Have we forgotten the germ theory?

Carolyn Merchant Blog 0 0

Over the ages, many theories have been proposed to explain the cause of disease. In Ancient times people believed diseases were sent from God (or the Devil). Hippocrates proposed diseases have a cause, and defined the causes of disease based on an imbalance in the four humors (yellow bile, black bile, phlegm, blood). The miasmatic theory attributed disease to noxious air and vapors. The theory of spontaneous generation was a belief that living organisms (such as fleas and maggots) could arise from non-living matter. In 1878 Robert Koch proved a bacterium could cause tuberculosis, which gave birth to the germ theory. Between 1880 and 1927, many noted scientists proposed pathogens were the cause of a wide variety of chronic diseases.

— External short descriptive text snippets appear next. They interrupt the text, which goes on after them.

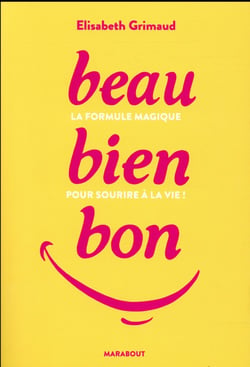 Beau-Bien-Bon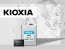Kioxia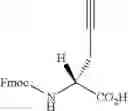 Fig. 44 - Triazole macrocycle systems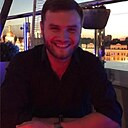 Знакомства: Саша, 41 год, Мрагово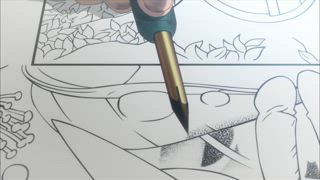 第13集 模仿與下意識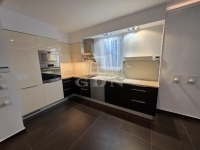 Budapest III. kerület Lakás (téglaépítésű)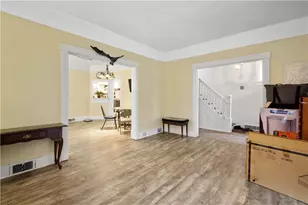 550 Halcomb Ave, Clairton, PA 15025 - Photo 10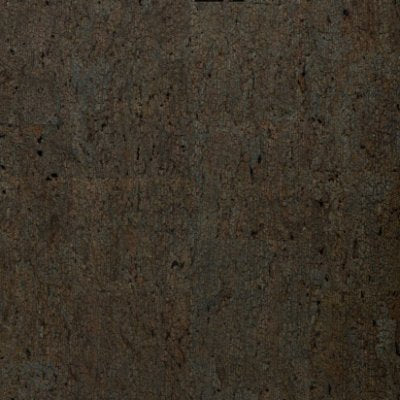 Wallcovering Brown - Dark Brown Commercial Wallcovering | Koroseal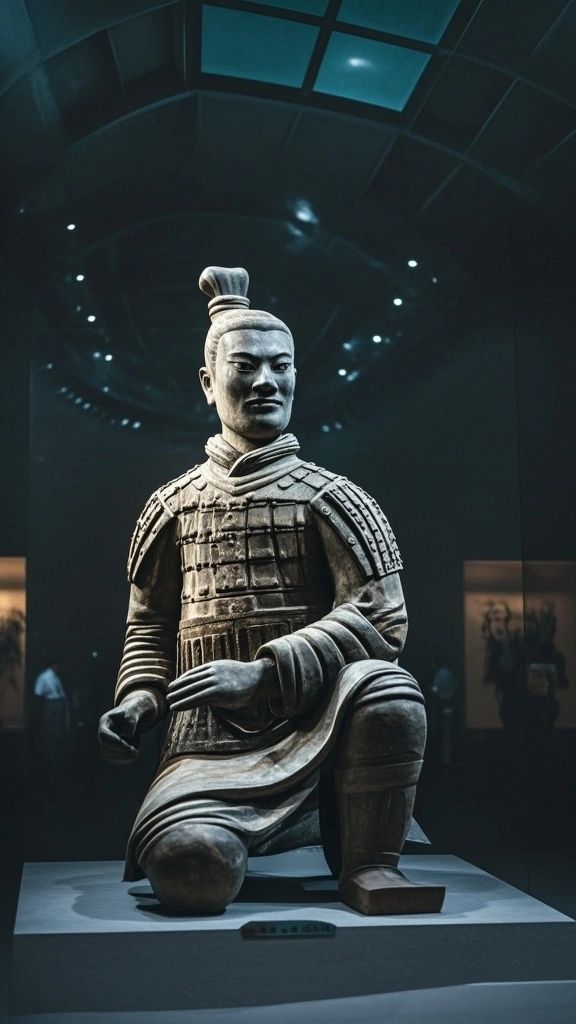 咸陽華陰市4天3晚旅遊攻略:登華山之巔,品關中風味,預算50 咸陽華陰市4天3晚旅遊攻略:登華山之巔,品關中風味,預算50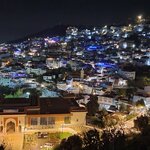 Photo taken by Brenda J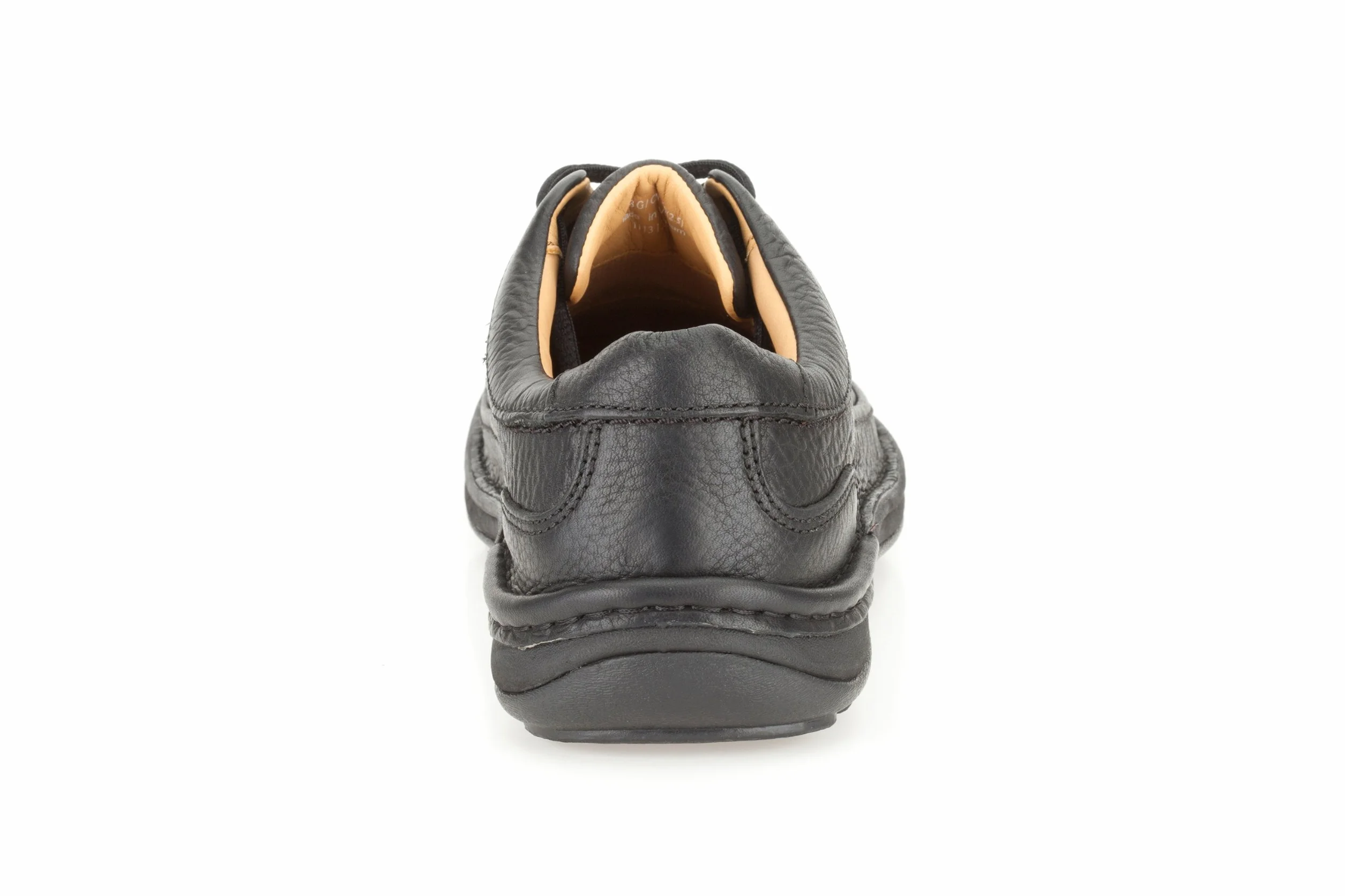 Clarks Tynamo Walk - Low-Top Mężczyźni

Today, medical science defines chronic diseases based on symptoms and findings, such as inflammation, fungus, alteration of the microbiome, irritable bowel, pain, mental decline, clogged arteries, excess sugar, etc. Syndromes abound, which define multiple symptoms and findings in the same patient; and each new symptom or finding can lead to a newly named disease. A few medical scientists have continued to propose infectious causes of chronic disease over the course of recent decades, but the idea languishes in the literature and veterinary science; and is thwarted by scientific limitations requiring only reports of “associations”.

Symptoms and findings have a cause! Chronic infection with immortal pathogens can cause the symptoms which define chronic disease, including inflammation, fungal overgrowth, alterations in the microbiome, reduced immunity, chronic pain, heart disease, cancer, PID, mental decline, and many other chronic diseases. Recognizing immortal pathogens and parasites can cause the known symptoms of chronic diseases, in a cascading series of symptoms and findings, is the beginning of understanding how to diagnose, treat, and even cure chronic disease, based on root causes.